Component Required? Why
Postgres Optional Only if persisting enrichment results (batch processing is stateless)
Redis Yes Rate limiting backend
Qdrant No Not needed — this agent enriches records, not retrieves documents
Langfuse Recommended Per-record LLM call tracing (skip for local dev)

Test Strategy

Unit tests

def test_enriched_record_score_bounds():
    """Score must be between 0.0 and 1.0."""
    with pytest.raises(ValidationError):
        EnrichedRecord(name="x", industry="tech", size="startup",
                       description="d", score=1.5, tags=[])

def test_batch_request_max_size():
    """Batch requests are limited to 100 records."""
    records = [InputRecord(name=f"Company {i}") for i in range(101)]
    with pytest.raises(ValidationError):
        EnrichBatchRequest(records=records)

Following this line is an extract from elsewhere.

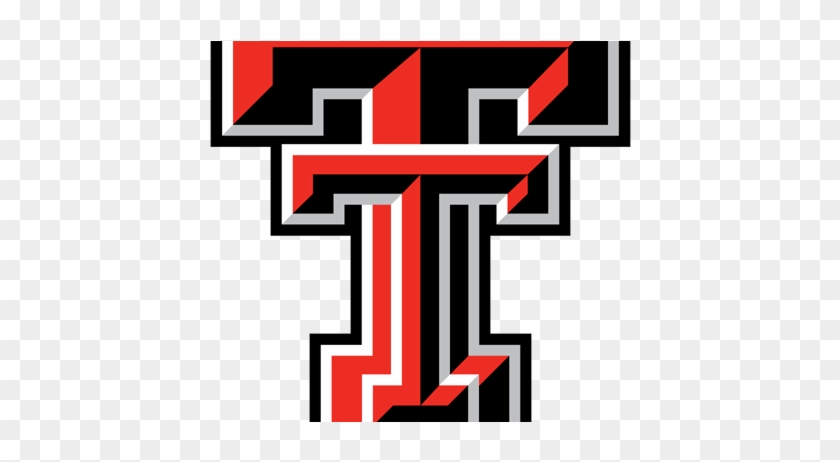 10 Texas Tech Wins 83-71 At Tcu For Share Of Big 12 - Texas Tech Red Raiders Logo #431429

async def test_semaphore_limits_concurrency(mock_llm_client):
    """At most N enrichments run concurrently."""
    # Track max concurrent calls with a counter
    # Assert never exceeds semaphore limit

async def test_failed_records_dont_kill_batch(mock_llm_client):
    """One failing record doesn't prevent others from completing."""
    # Mock agent to fail on record 2 of 5
    # Assert 4 succeeded, 1 in errors list

Integration tests (main branch only)

async def test_batch_enrichment_e2e():
    """Enrich 3 records with real LLM, all should succeed."""
    response = await client.post("/enrich", json={
        "records": [
            {"name": "Stripe", "domain": "stripe.com"},
            {"name": "Anthropic", "domain": "anthropic.com"},
            {"name": "Vercel", "domain": "vercel.com"},
        ]
    })
    assert response.status_code == 200
    data = response.json()
    assert data["succeeded"] == 3
    assert data["failed"] == 0
    assert all(r["industry"] for r in data["enriched"])

Eval assertions

  • Well-known companies (Stripe, Google) get score ≥ 0.8
  • Unknown/ambiguous names get score < 0.5 and size "unknown"
  • Industry classification is reasonable (Stripe → "Technology" or "Fintech")
  • Batch of 10 completes within 30s at concurrency=10

Eval Dataset

{"input": {"records": [{"name": "Stripe", "domain": "stripe.com"}]}, "expected_industry": "Technology", "expected_min_score": 0.8}
{"input": {"records": [{"name": "Mayo Clinic", "domain": "mayoclinic.org"}]}, "expected_industry": "Healthcare", "expected_min_score": 0.7}
{"input": {"records": [{"name": "XYZZY Corp"}]}, "expected_size": "unknown", "expected_max_score": 0.5}
{"input": {"records": [{"name": "Toyota", "domain": "toyota.com"}]}, "expected_industry": "Automotive", "expected_min_score": 0.8}
{"input": {"records": [{"name": "Anthropic", "domain": "anthropic.com"}]}, "expected_industry": "Technology", "expected_min_score": 0.8}
{"input": {"records": [{"name": "a"}, {"name": "b"}, {"name": "c"}]}, "expected_total": 3}

See eval-data guide for generation + curation patterns.

Design Decisions

  • Semaphore-based concurrency: asyncio.Semaphore(10) limits parallel LLM calls to 10. Prevents rate-limit exhaustion while maximizing throughput.
  • return_exceptions=True: Individual record failures don't kill the batch. Failed records are reported separately in the errors list.
  • Structured output per record: result_type=EnrichedRecord ensures every enrichment returns validated structured data, not free text.
  • Pydantic AI for simplicity: No graph or workflow needed. Raw asyncio.gather() with Pydantic AI agents is the cleanest pattern for parallel independent work.
  • Configurable concurrency: The caller controls parallelism per request. High-priority small batches can use higher concurrency; large batches can throttle down.